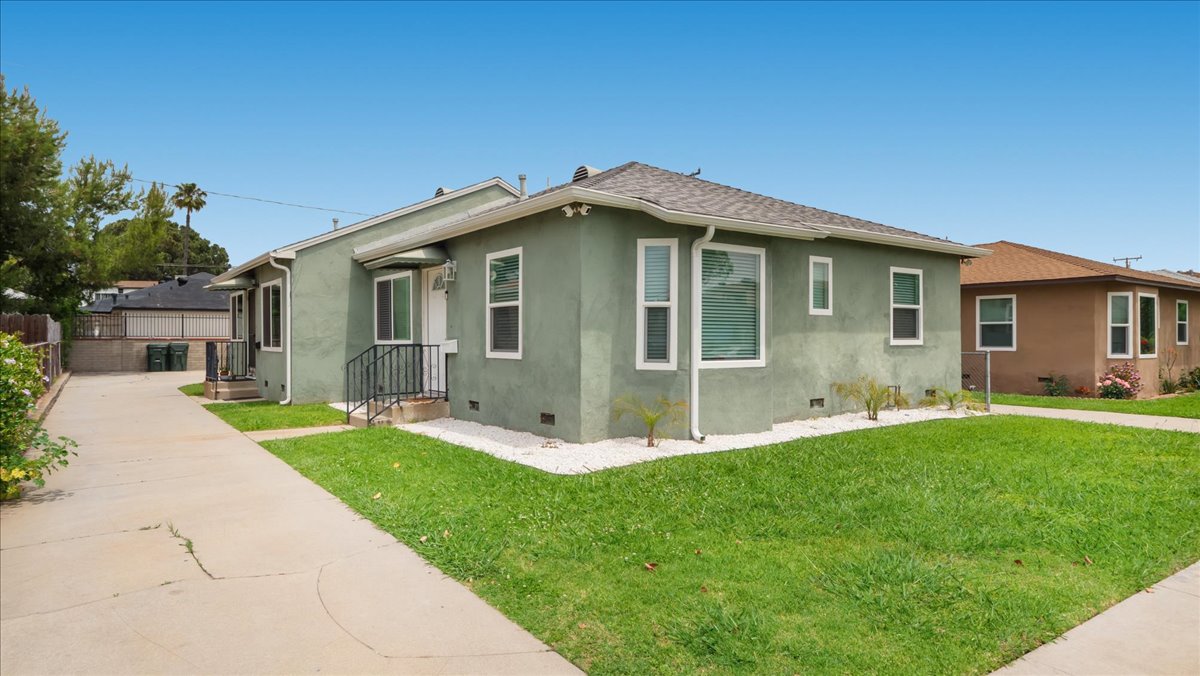 Montebello, California, 90640, United States, 2 Bedrooms Bedrooms, ,2 BathroomsBathrooms,Residential,For Sale,1930342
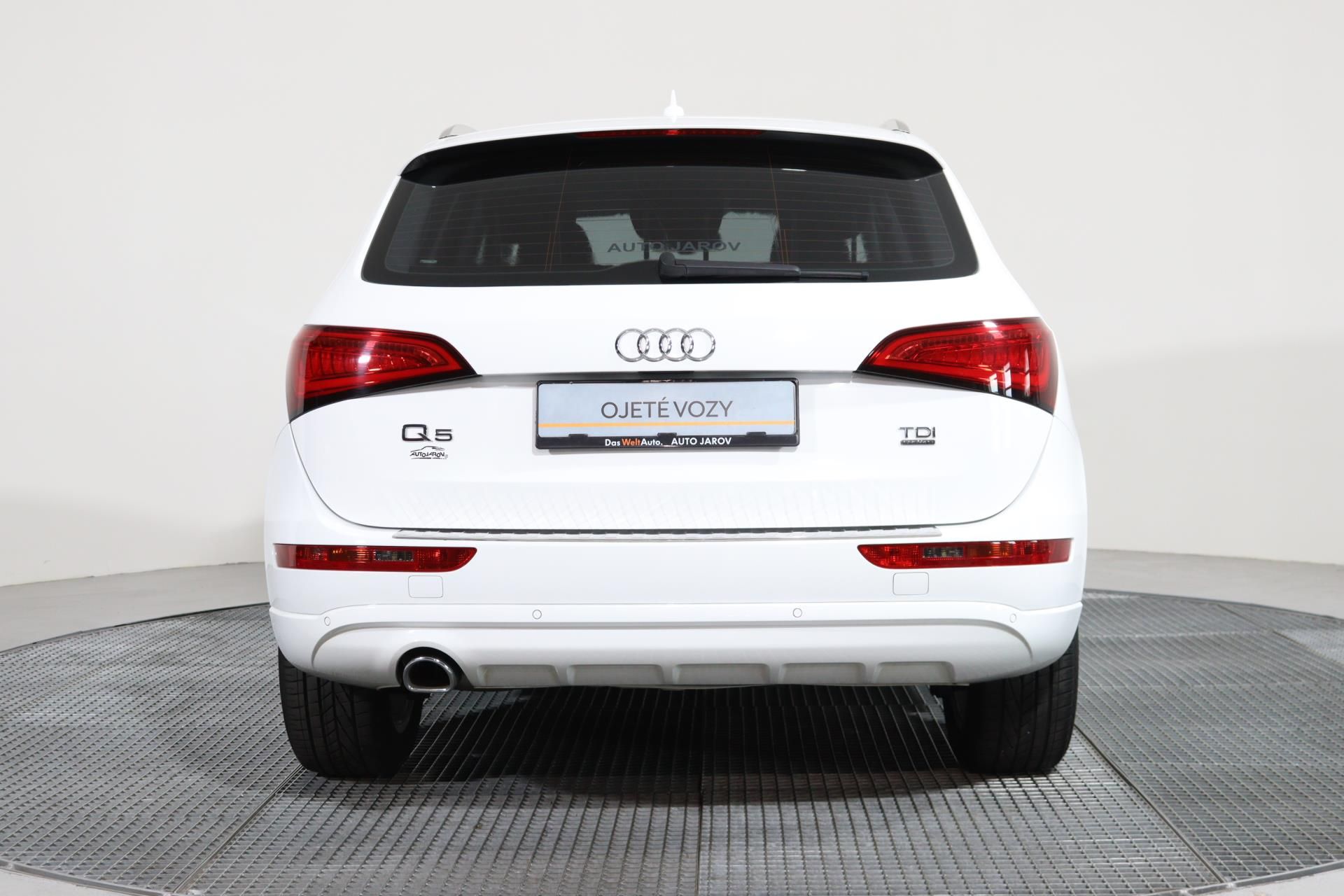 Audi Q5, 2.0 TDI quattro Stronic - fotka 6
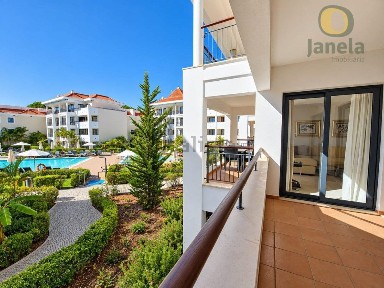 Apartamento T2 à venda em Canais do Golfe - Sector 5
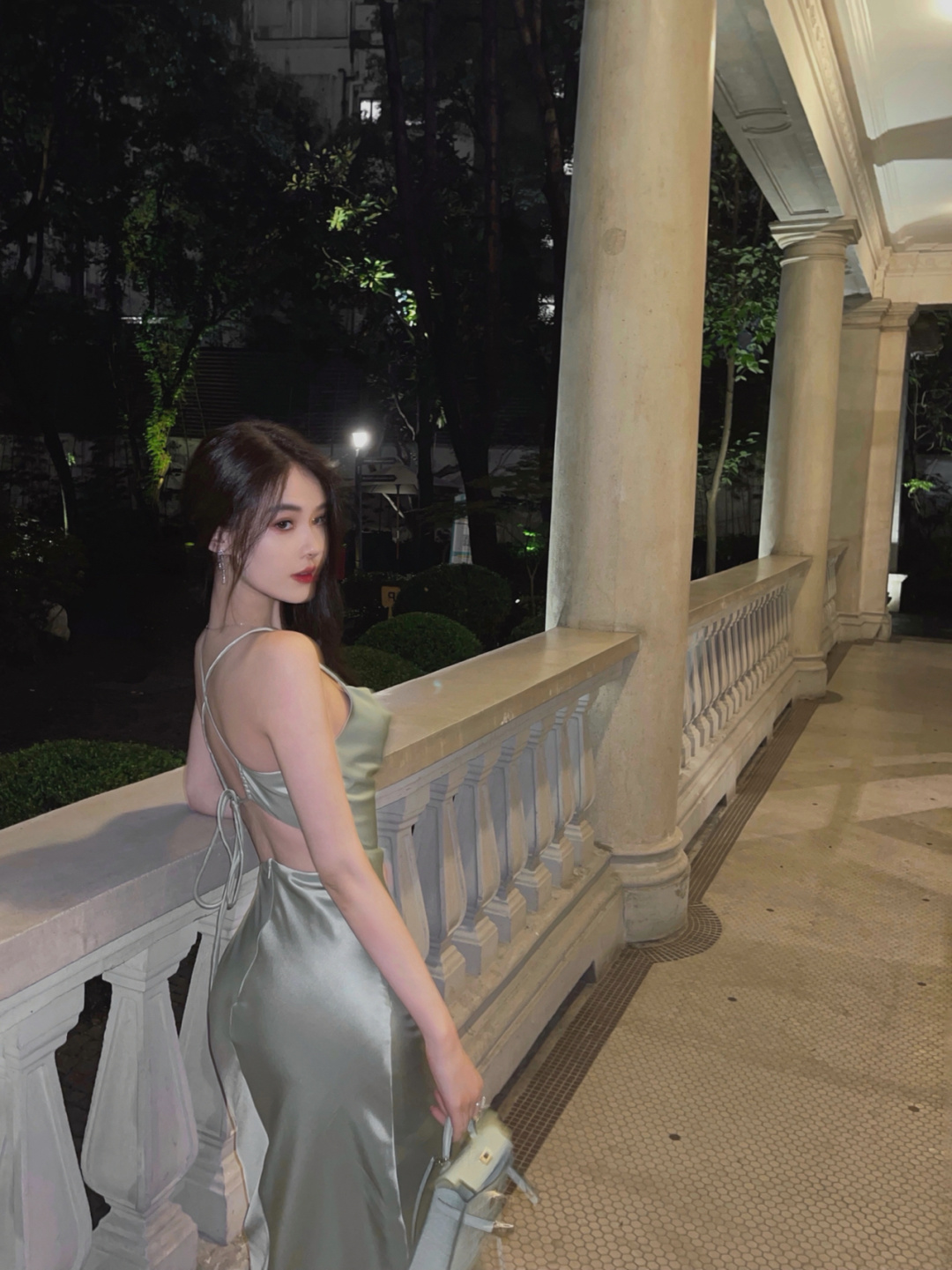 c.jpg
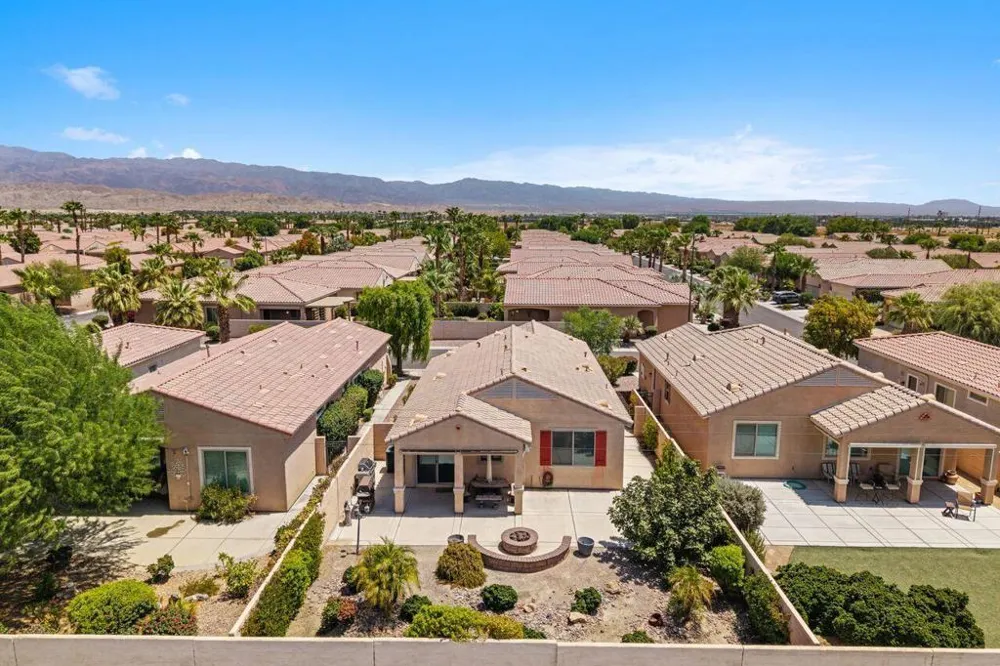 41563 Calle Pampas Indio, CA 92203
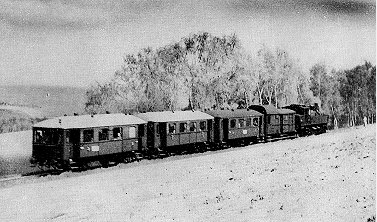 <b>Ein typischer Personenzug der Windbergbahn ab 1912 bestehend aus Lok BR 98.0, Packwagen und drei Windberg-Aussichtswagen kurz vor dem Haltepunkt Boderitz-Cunnersdorf zeigt diese Aufnahme von 1936.</b><br /><i>Foto: Archiv Windbergbahn e.V.</i>
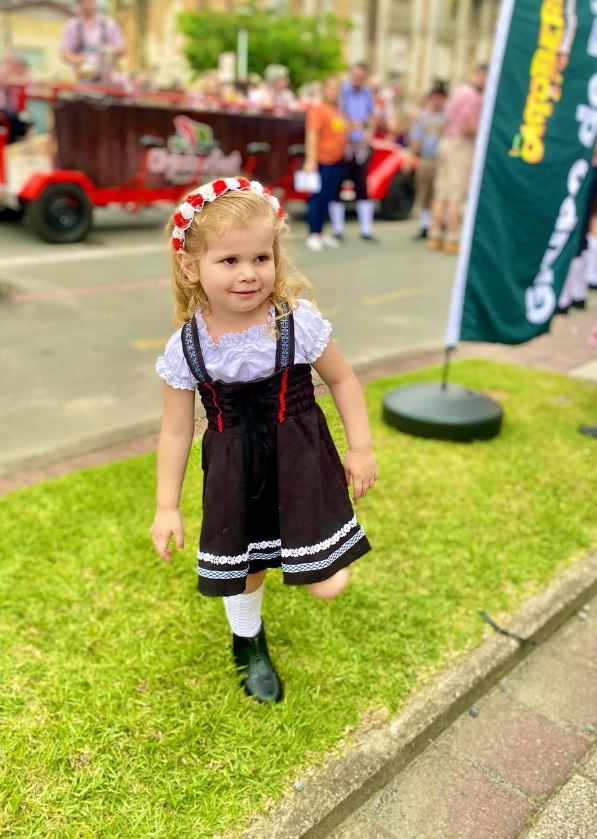 FOTOS Menina de 2 anos encantou o público no desfile da Oktoberfest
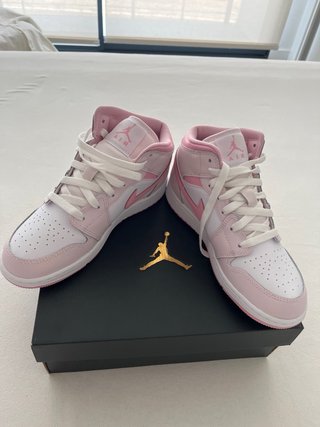 Nike Air Jordan 1 Mid Rosa y Blanca Talla 36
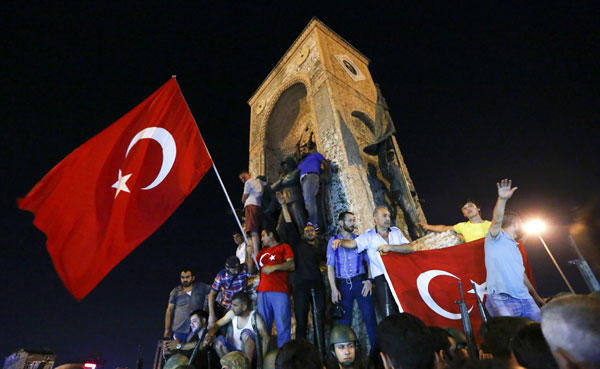 Heavy military deployment seen in Ankara, Istanbul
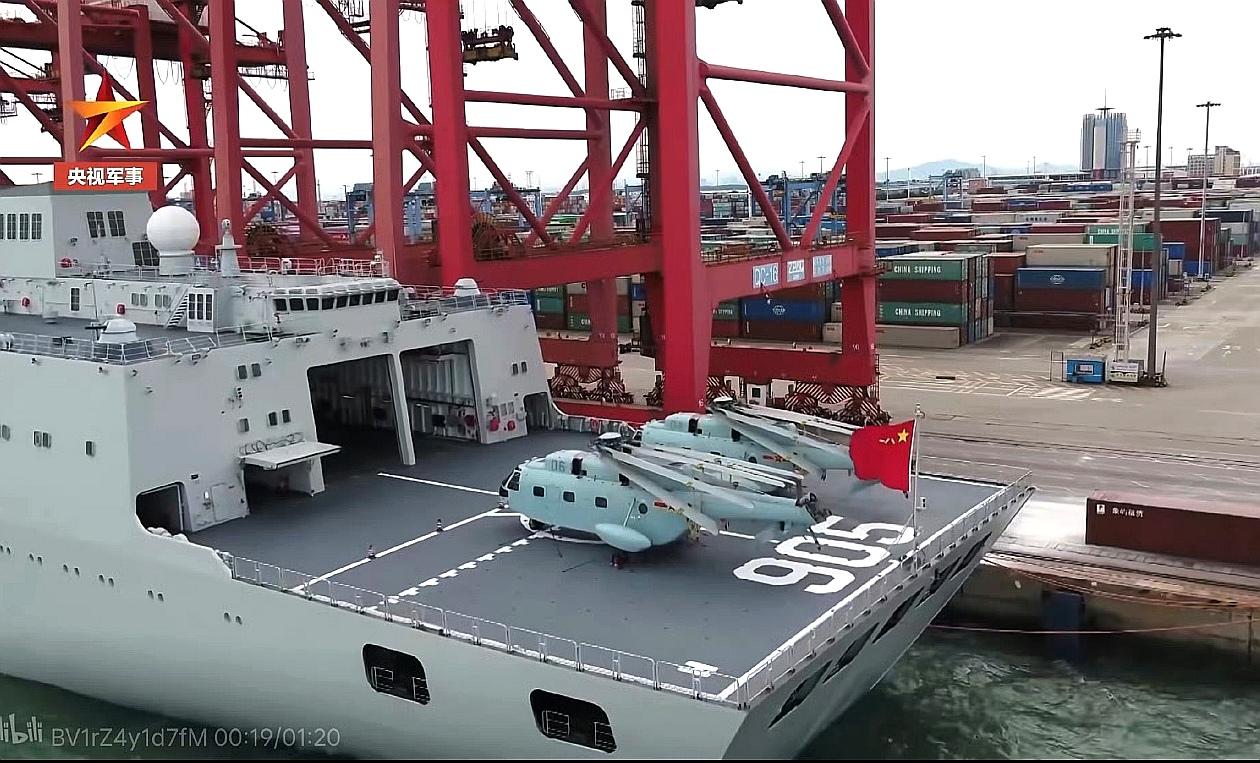 海军航母编队专用的大型补给舰905查干湖舰，飞行甲板上并排停放着两架直十八大型直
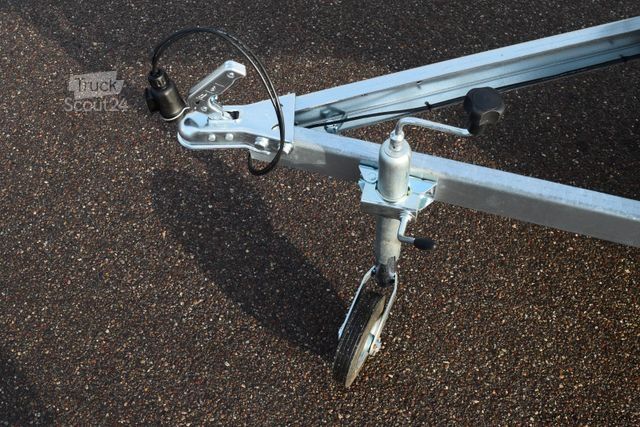 Autopiekabe AGADOS ALUX 3 - 750kg Alu 206x110 Transportanhänger TOP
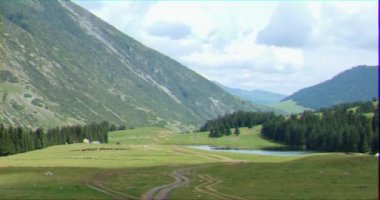 Aksaklık etkisi. Dağlardaki göl. Chon-Ak-Suu. Grigoriev Geçidi. Issyk Kul. Kırgızistan. Video. Ultrahd (4k))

### TASK PROMPT:
Please output exactly the lines from the line containing "Autopiekabe AGADOS ALUX" through the last line of the records above, both included, and leave out any pictures.

### RESULT:
 Autopiekabe AGADOS ALUX 3 - 750kg Alu 206x110 Transportanhänger TOP
 Aksaklık etkisi. Dağlardaki göl. Chon-Ak-Suu. Grigoriev Geçidi. Issyk Kul. Kırgızistan. Video. Ultrahd (4k))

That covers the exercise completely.